= Your assignment =
Starting at the first line of the records below, reproduce every line up to and including the line with "Shop4 - Alcatel", but leave out all pictures.

= The data =
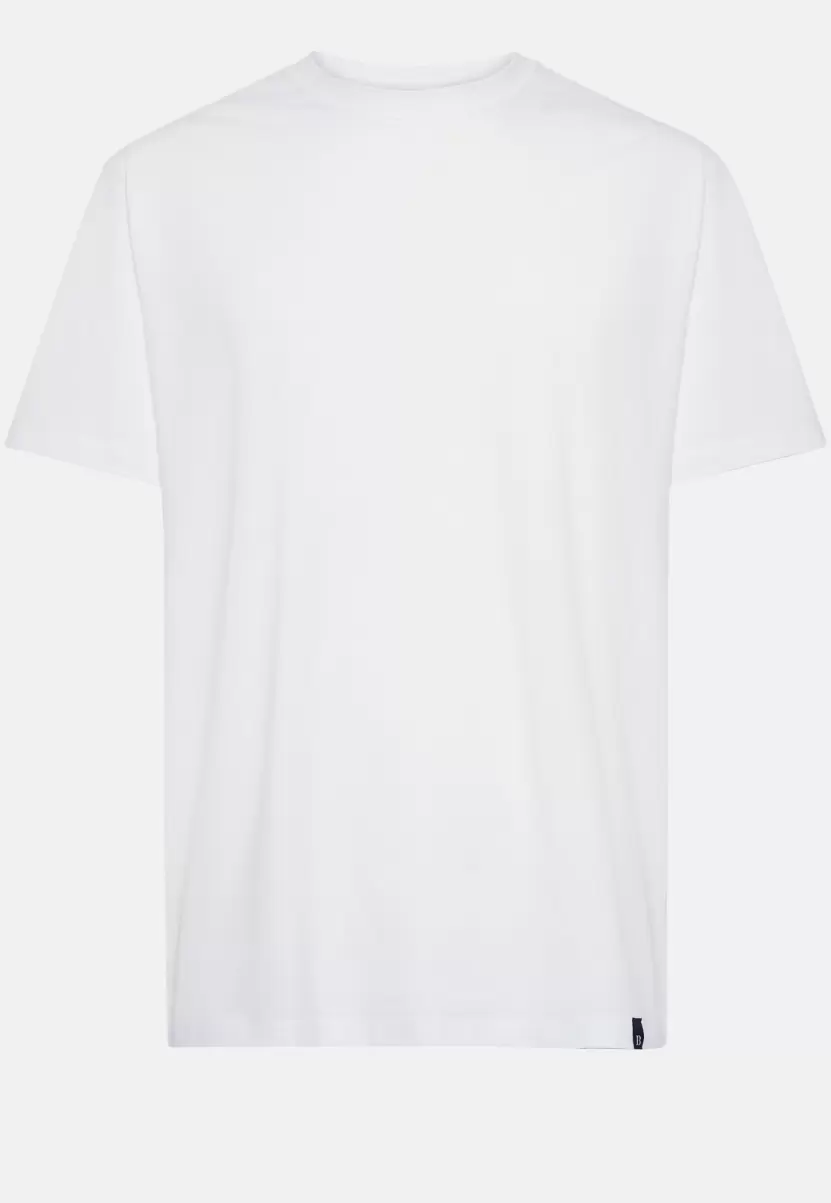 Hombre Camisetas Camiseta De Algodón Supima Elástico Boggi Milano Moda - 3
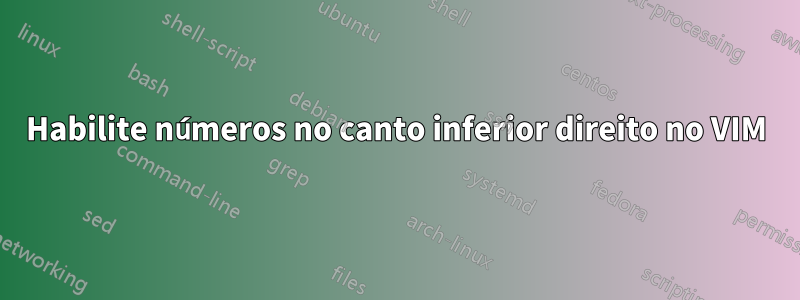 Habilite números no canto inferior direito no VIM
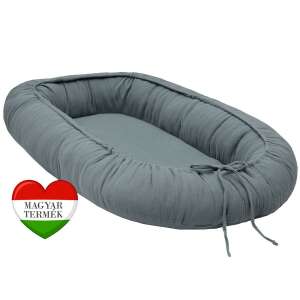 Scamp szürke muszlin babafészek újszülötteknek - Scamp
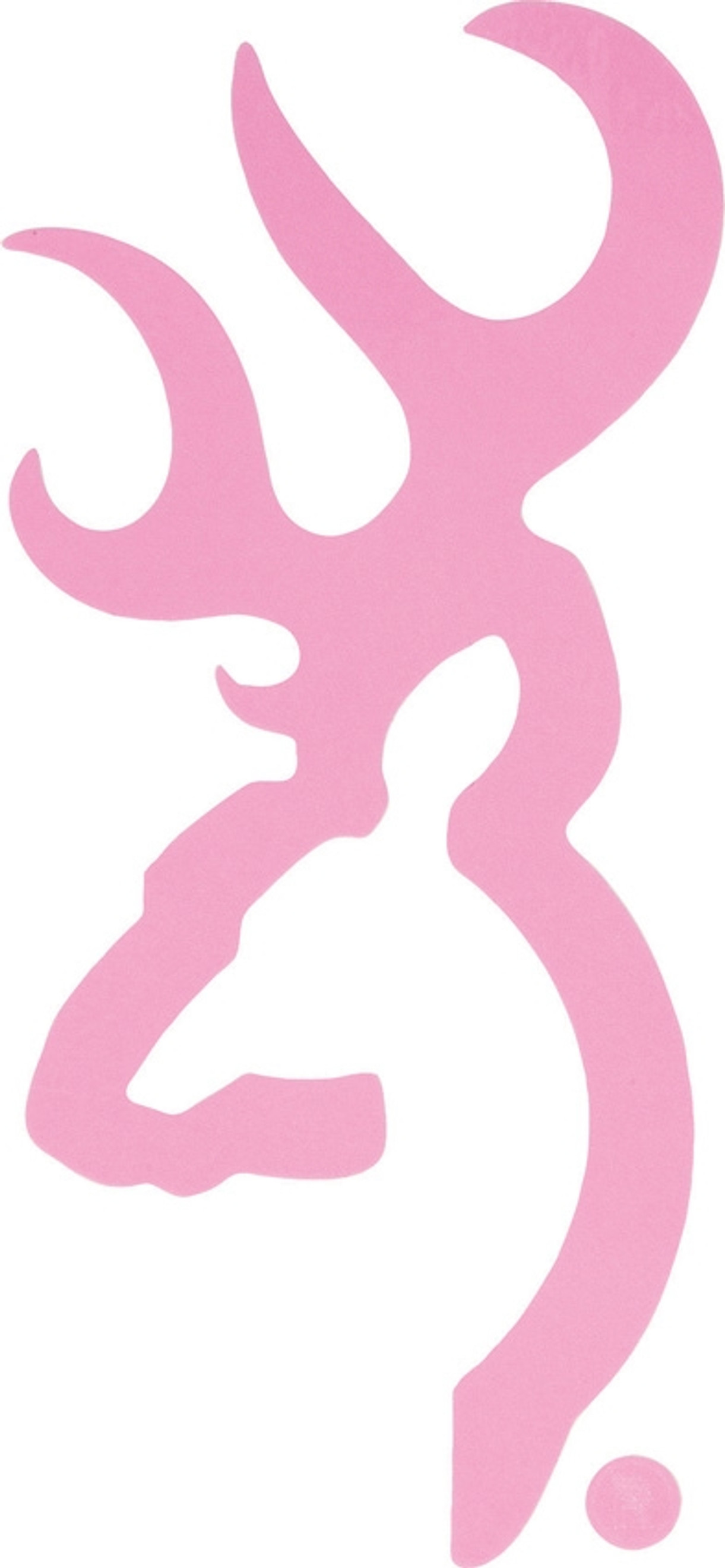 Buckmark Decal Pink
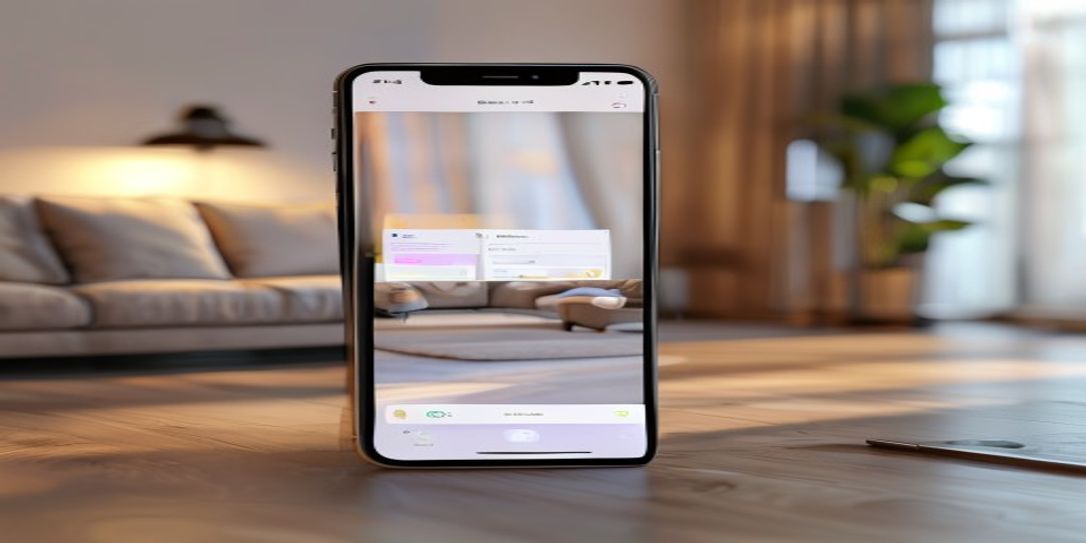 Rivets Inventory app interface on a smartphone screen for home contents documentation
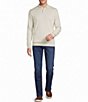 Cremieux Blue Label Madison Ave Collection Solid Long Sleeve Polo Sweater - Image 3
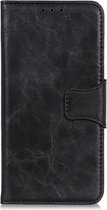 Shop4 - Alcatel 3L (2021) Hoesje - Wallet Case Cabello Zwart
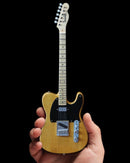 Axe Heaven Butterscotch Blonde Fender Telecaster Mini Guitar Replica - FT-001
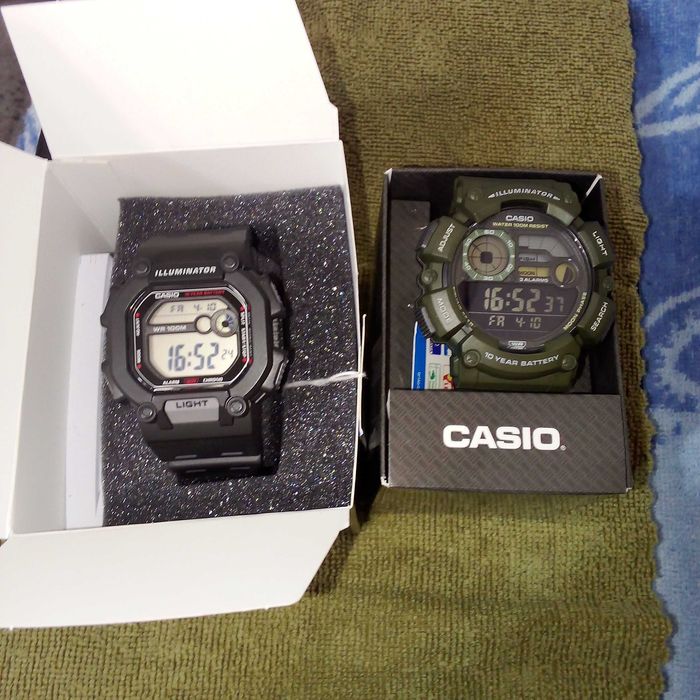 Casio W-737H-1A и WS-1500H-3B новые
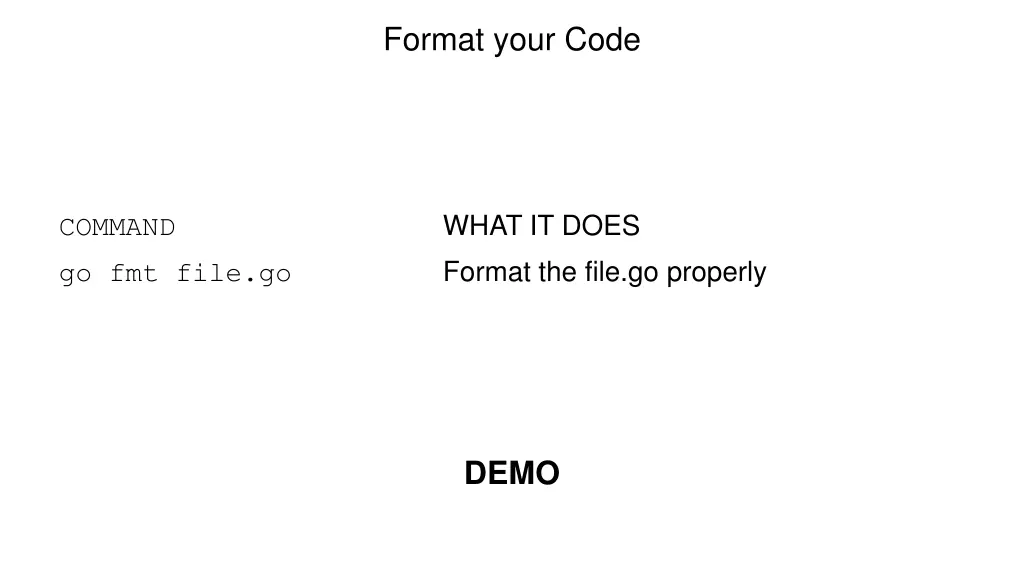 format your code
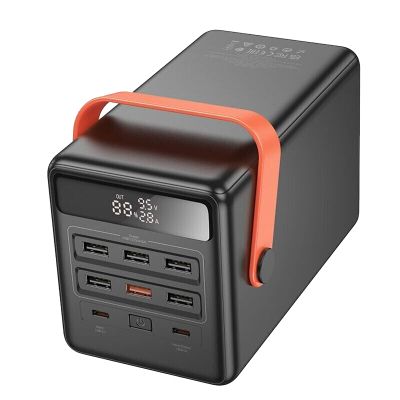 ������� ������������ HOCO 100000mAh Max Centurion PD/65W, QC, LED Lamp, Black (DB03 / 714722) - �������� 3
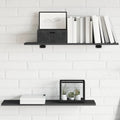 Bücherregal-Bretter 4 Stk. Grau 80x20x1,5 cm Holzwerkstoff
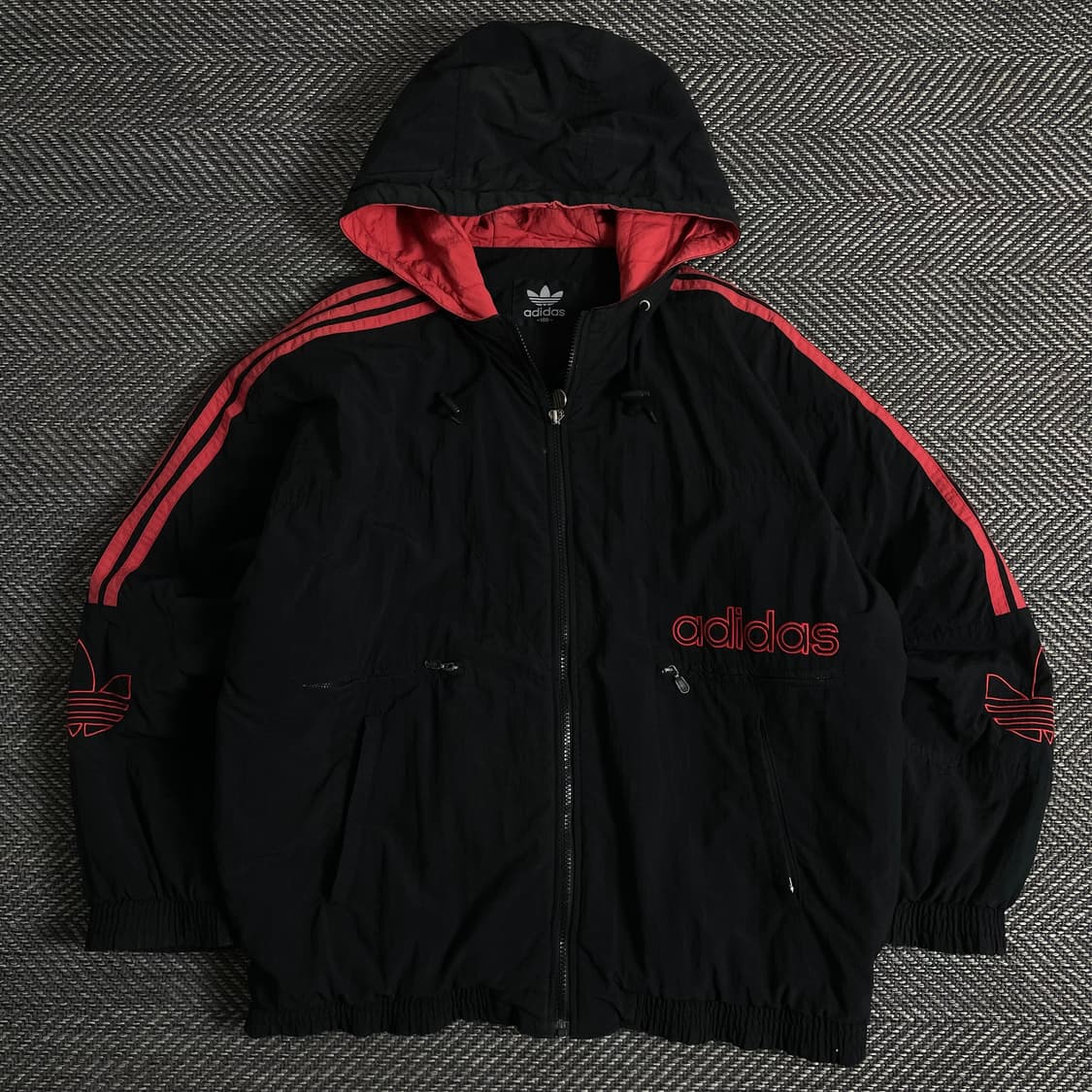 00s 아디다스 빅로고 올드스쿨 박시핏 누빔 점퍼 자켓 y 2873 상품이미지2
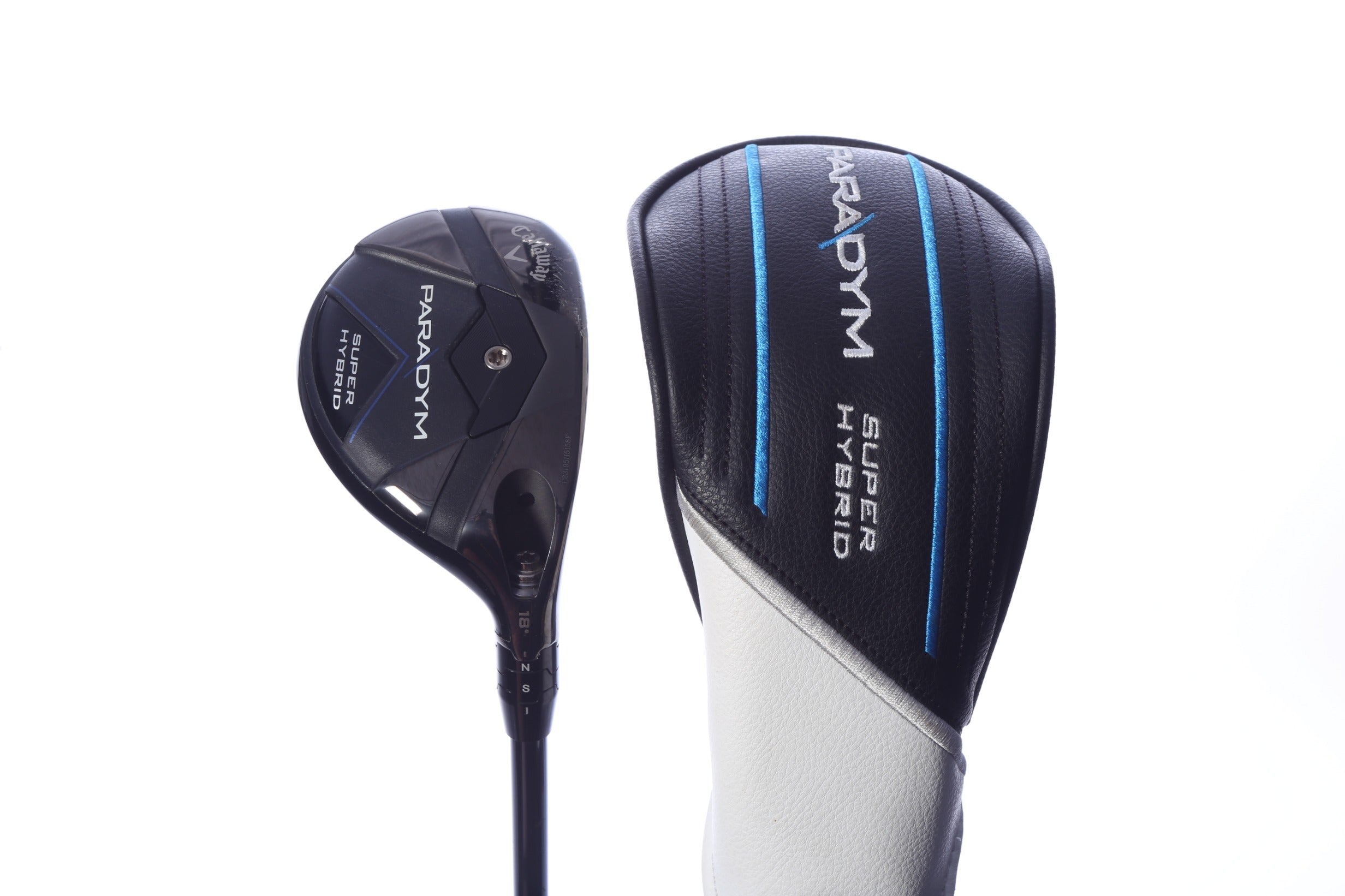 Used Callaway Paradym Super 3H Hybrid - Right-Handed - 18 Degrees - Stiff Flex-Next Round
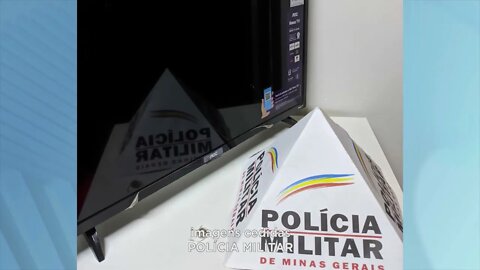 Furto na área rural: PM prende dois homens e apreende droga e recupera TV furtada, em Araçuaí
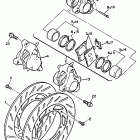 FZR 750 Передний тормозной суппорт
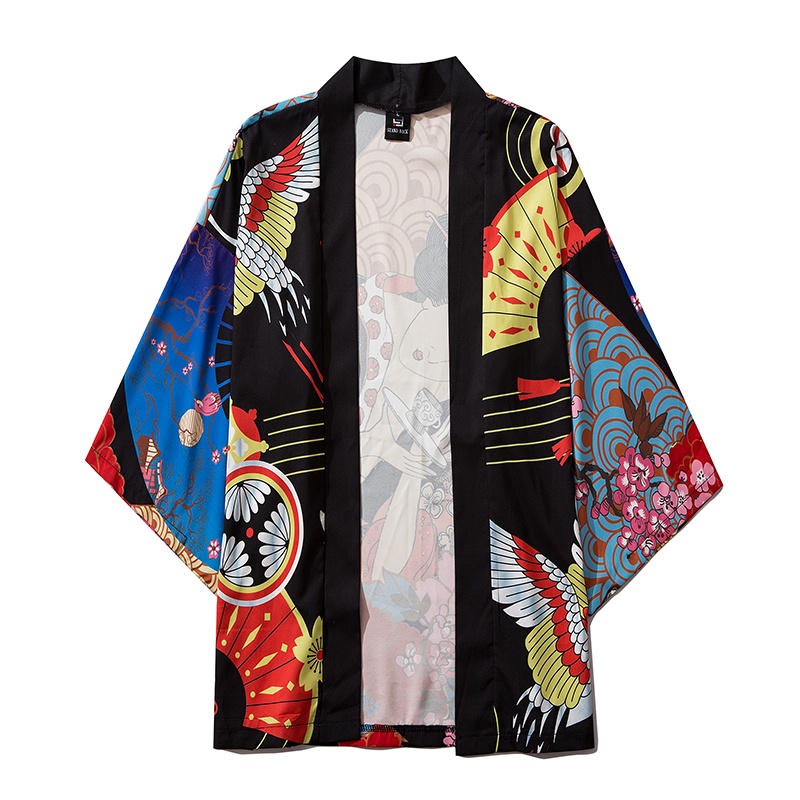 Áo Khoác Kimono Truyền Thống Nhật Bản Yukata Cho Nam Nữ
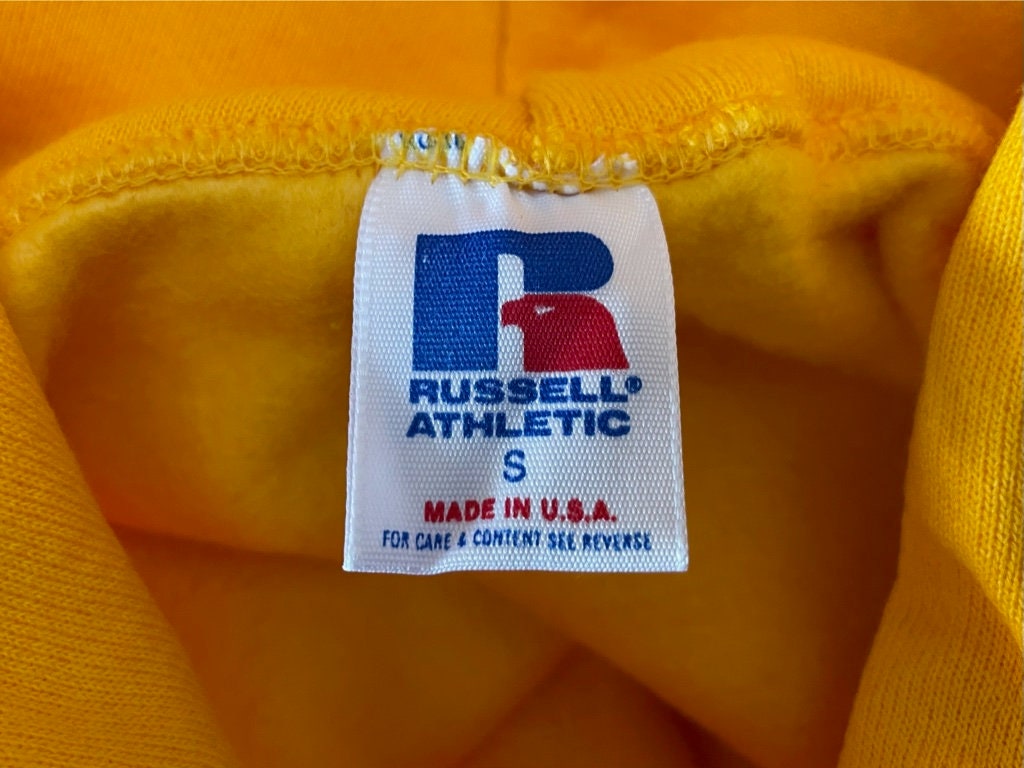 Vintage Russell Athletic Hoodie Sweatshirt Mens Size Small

= Exercise result =
 Hombre Camisetas Camiseta De Algodón Supima Elástico Boggi Milano Moda - 3
 Habilite números no canto inferior direito no VIM
 Scamp szürke muszlin babafészek újszülötteknek - Scamp
 Buckmark Decal Pink
 Rivets Inventory app interface on a smartphone screen for home contents documentation
 Cremieux Blue Label Madison Ave Collection Solid Long Sleeve Polo Sweater - Image 3
 Shop4 - Alcatel 3L (2021) Hoesje - Wallet Case Cabello Zwart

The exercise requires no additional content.